» **EXERCISE PROMPT**:
Would you please copy the entries exactly, leaving every picture aside?

» **SUPPLIED DATA**:
_____
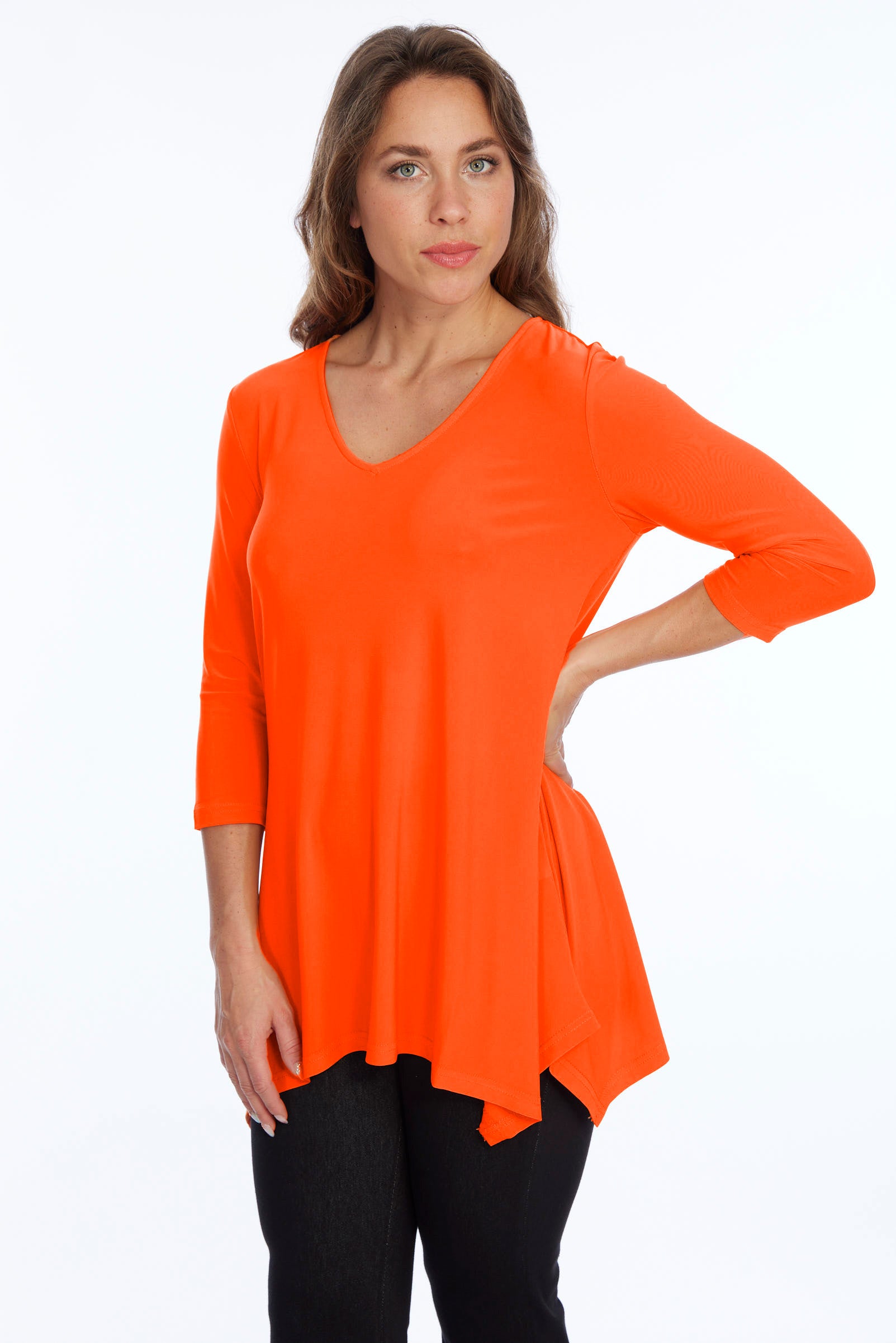 Alisha D High Low V Neck Tunic Top 3/4 Sleeves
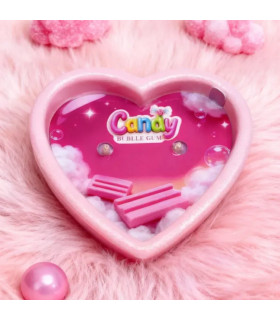 Масажна свічка з ароматом жуйки, 70 мл, Candy Bubble Gum у формі серця - No Taboo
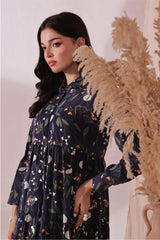 Ochre Clothing Women's Casual -Boski Linen Printed Dress-SOD-06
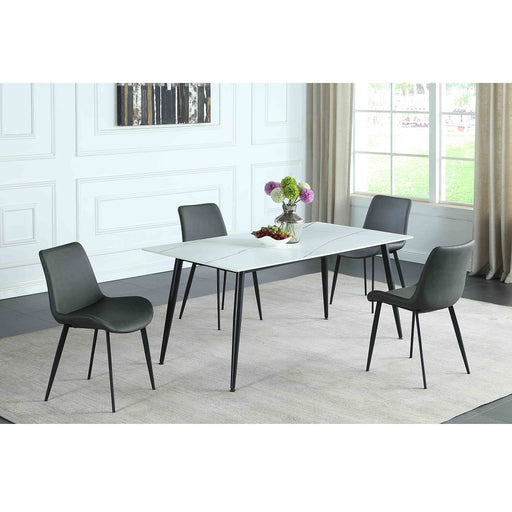 Contemporary Dining Set w/ Sintered Stone Top & 4 Chairs MARY-5PC-GRY
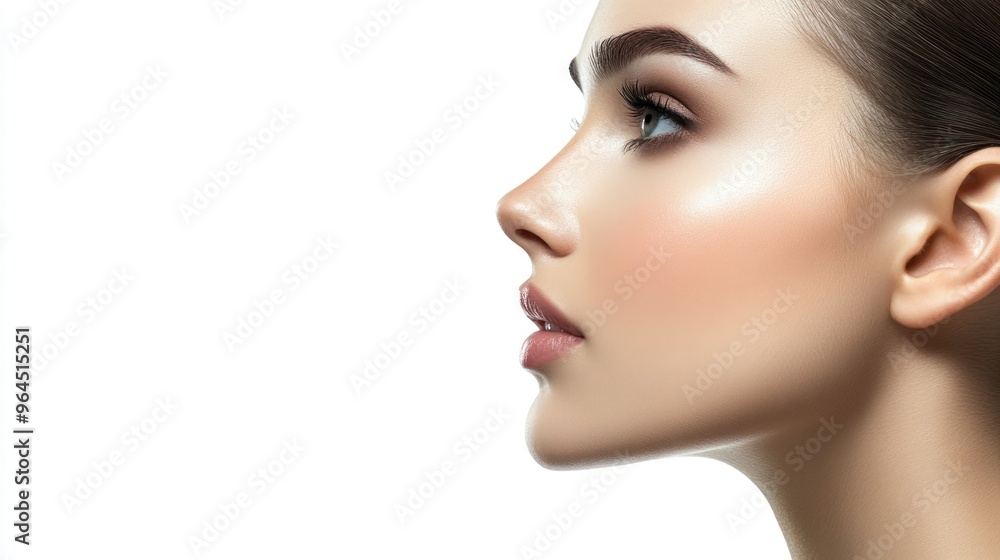 Fototapeta premium Profile of a Beautiful Woman with Smooth Skin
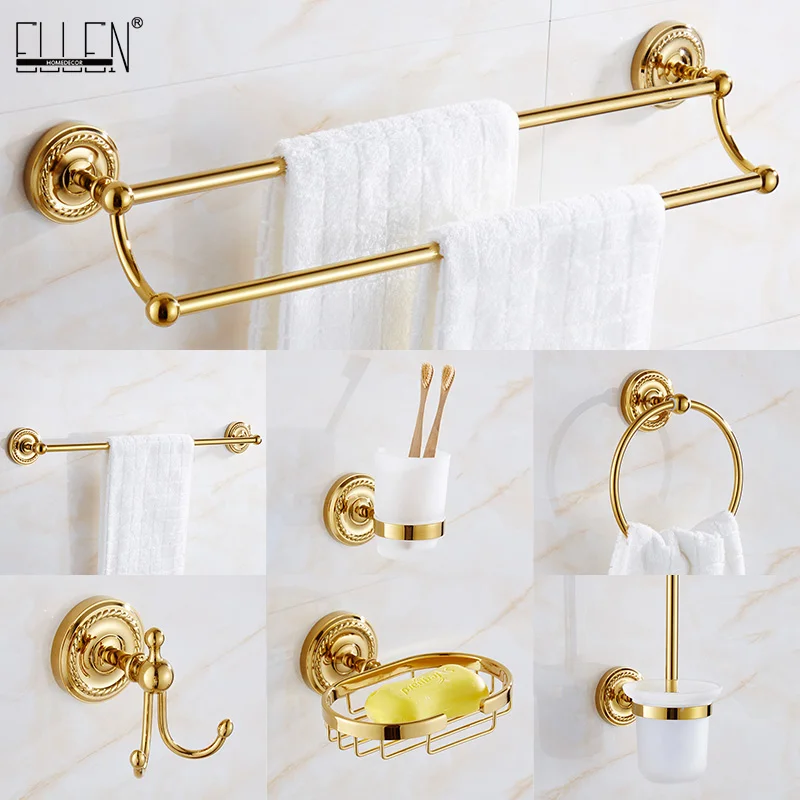 

Gold Bath hardware Set Bathroom Accessories Shelf Soap Dish Toilet Paper Holder Soap Dispenser Robe Hook ELM53G
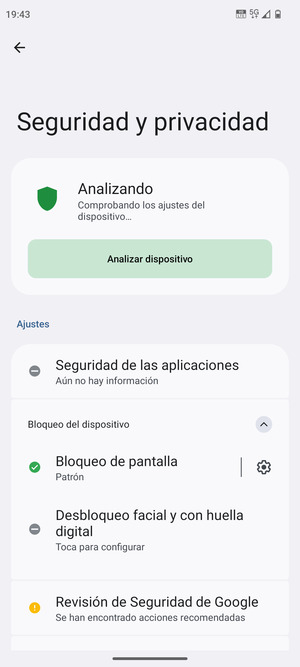 El teléfono ha sido asegurado con un bloqueo de pantalla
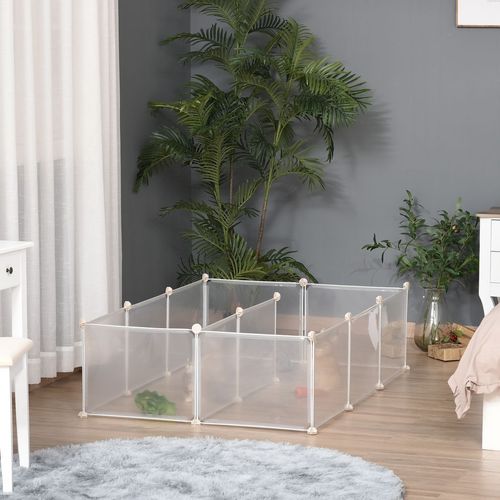 Pet Playpen DIY Small Animal Cage 12 Panels for Bunny Chinchilla Pawhut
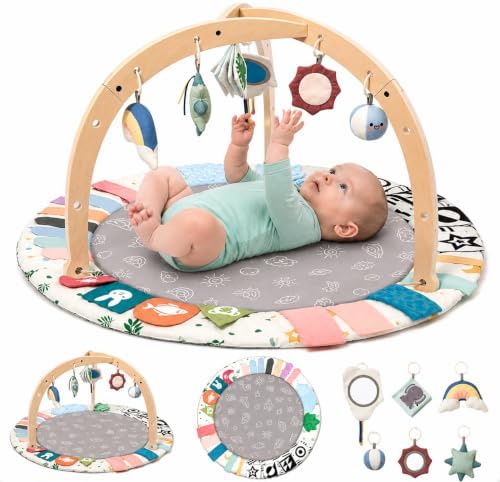 Baby Play Gym Mat with 5 Development Zones, Montessori Tummy Time Mat with 6 Detachable Sensory Toys for Motor Skills Development, Newborn Activity Gym for Babies, Easy Clean, Baby Essentials Gift by GentleMonster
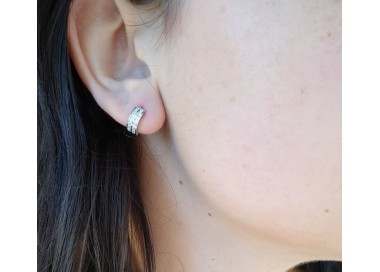 RMB|Argento 925 : micro orecchini uomo donna cerchio anelle boccole con 2 file di zirconi 11mm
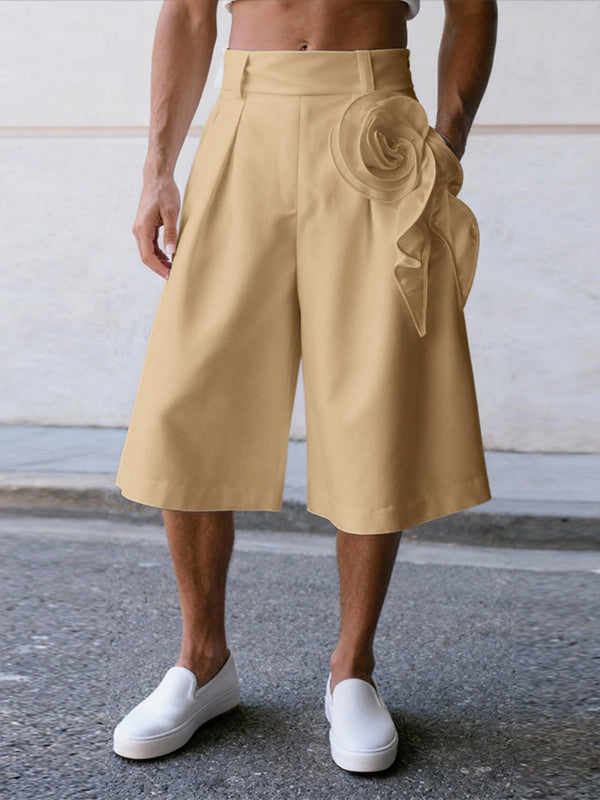 Men's Solid Color 3D Floral Patchwork Casual Short SKUL50068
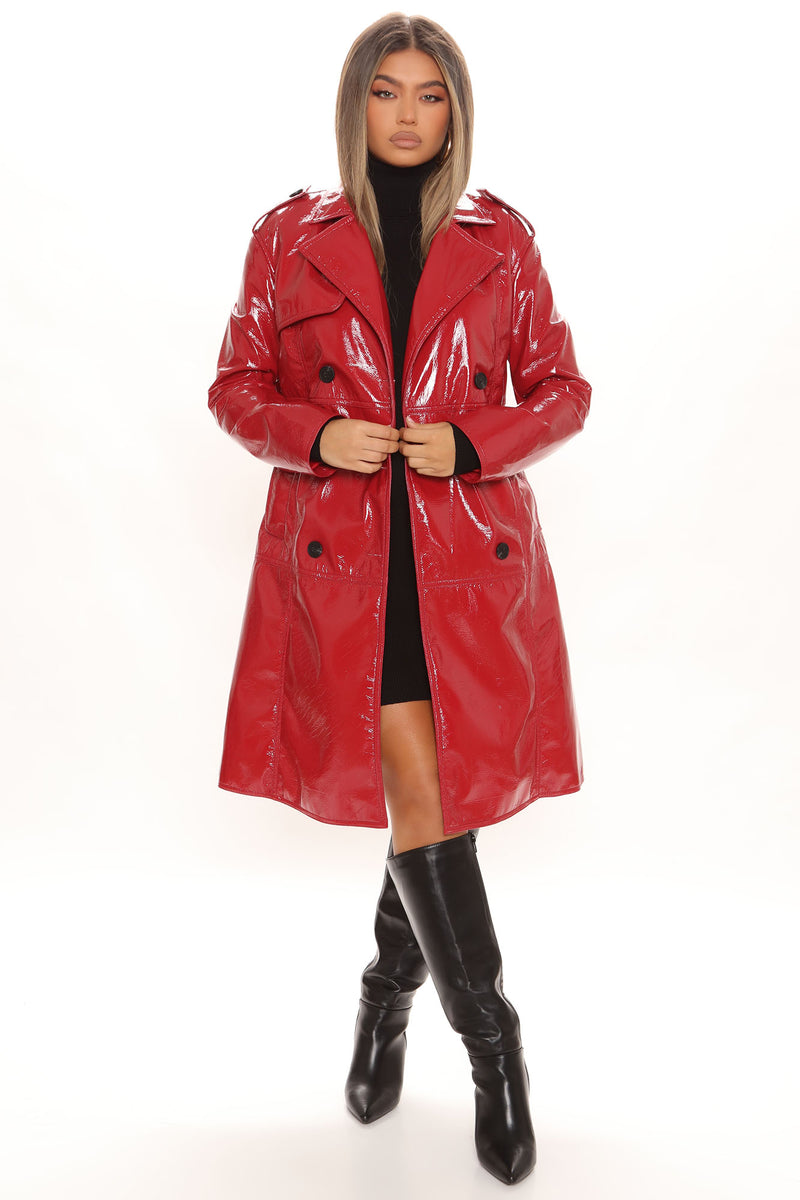 Red patent raincoat on sale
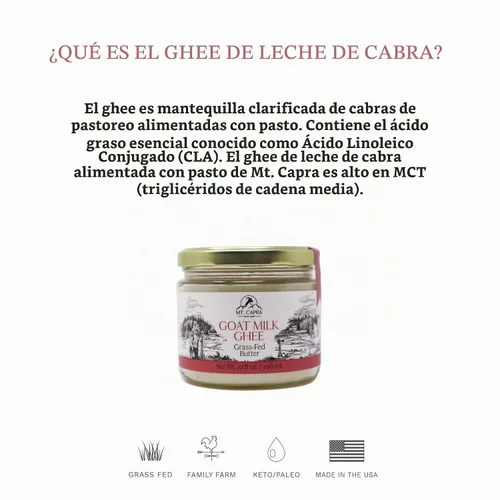 Vista 5 de Mt. Capra Goat Milk Ghee Pastos criados y sin sal 59 porciones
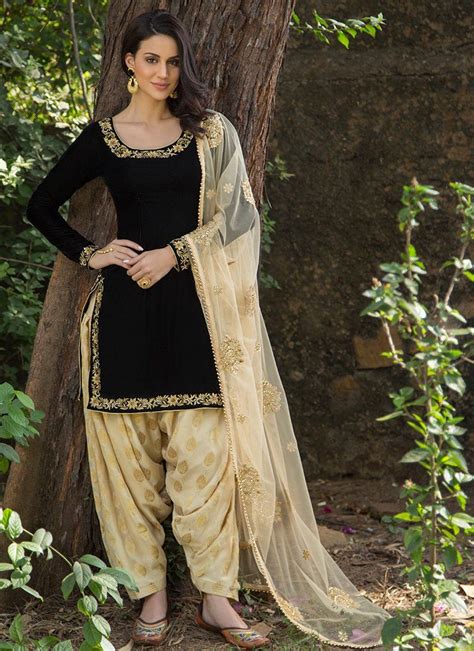 black and gold velvet punjabi suit simple indian suits indian designer outfits party wear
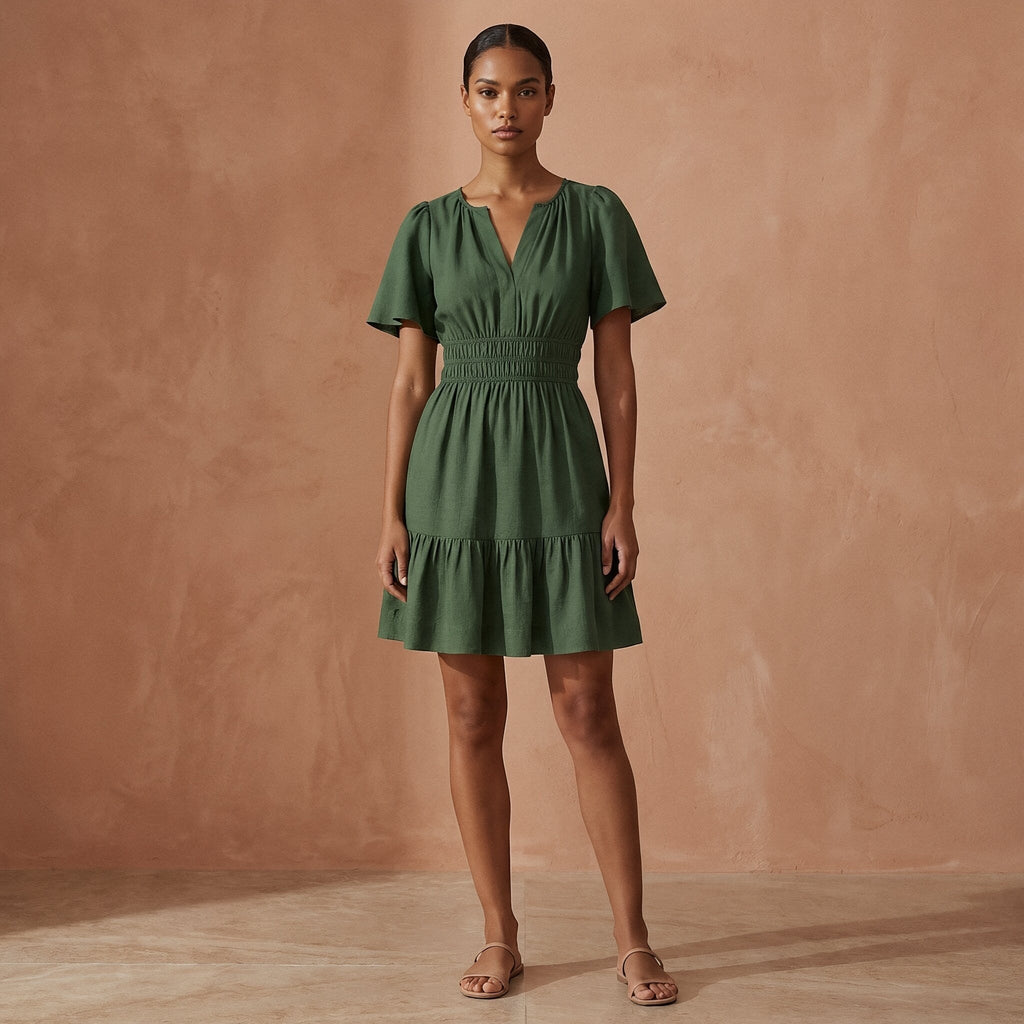Forest Green Cotton Elasticated Short Tier Dress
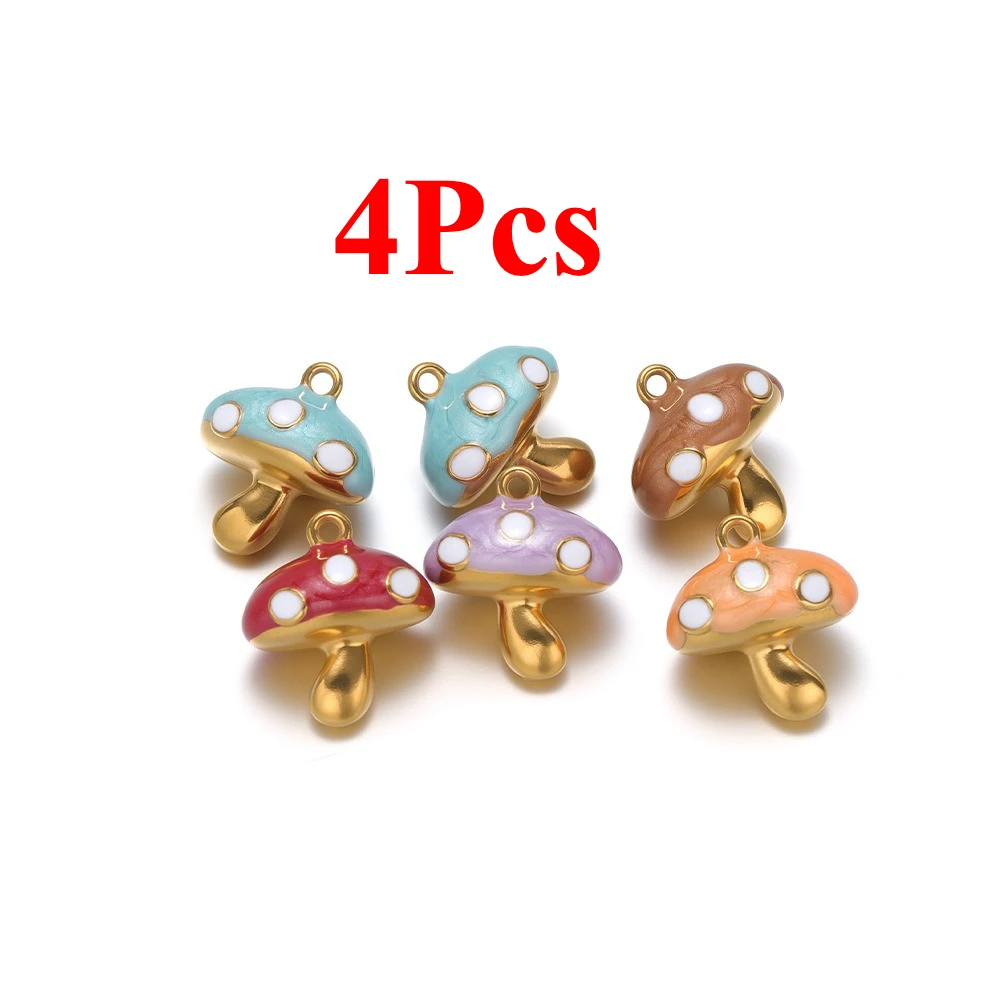 4Pcs Gold Plated Stainless Steel Pendant Enamel Mushroom Charms for Jewelry Making DIY Earring Necklace Bracelet Accessories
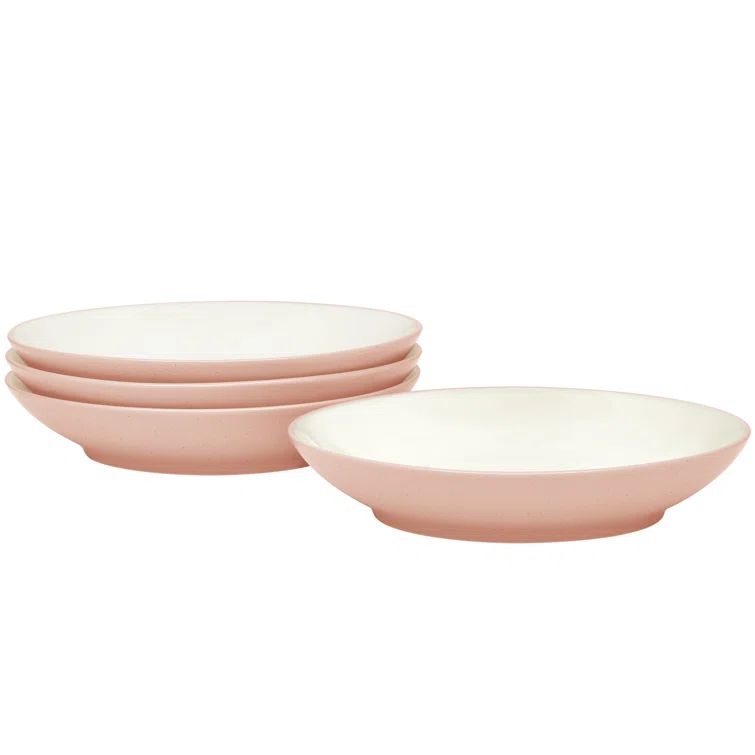Pink and Cream Ceramic Minimalist Pasta Bowls, Set of Four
_____
» **RESULT**:
 Alisha D High Low V Neck Tunic Top 3/4 Sleeves
 Масажна свічка з ароматом жуйки, 70 мл, Candy Bubble Gum у формі серця - No Taboo
 Ochre Clothing Women's Casual -Boski Linen Printed Dress-SOD-06
 Contemporary Dining Set w/ Sintered Stone Top & 4 Chairs MARY-5PC-GRY
 Fototapeta premium Profile of a Beautiful Woman with Smooth Skin

Gold Bath hardware Set Bathroom Accessories Shelf Soap Dish Toilet Paper Holder Soap Dispenser Robe Hook ELM53G
 El teléfono ha sido asegurado con un bloqueo de pantalla
 Pet Playpen DIY Small Animal Cage 12 Panels for Bunny Chinchilla Pawhut
 Baby Play Gym Mat with 5 Development Zones, Montessori Tummy Time Mat with 6 Detachable Sensory Toys for Motor Skills Development, Newborn Activity Gym for Babies, Easy Clean, Baby Essentials Gift by GentleMonster
 RMB|Argento 925 : micro orecchini uomo donna cerchio anelle boccole con 2 file di zirconi 11mm
 Men's Solid Color 3D Floral Patchwork Casual Short SKUL50068
 Red patent raincoat on sale
 Vista 5 de Mt. Capra Goat Milk Ghee Pastos criados y sin sal 59 porciones
 black and gold velvet punjabi suit simple indian suits indian designer outfits party wear
Forest Green Cotton Elasticated Short Tier Dress
 4Pcs Gold Plated Stainless Steel Pendant Enamel Mushroom Charms for Jewelry Making DIY Earring Necklace Bracelet Accessories
Pink and Cream Ceramic Minimalist Pasta Bowls, Set of Four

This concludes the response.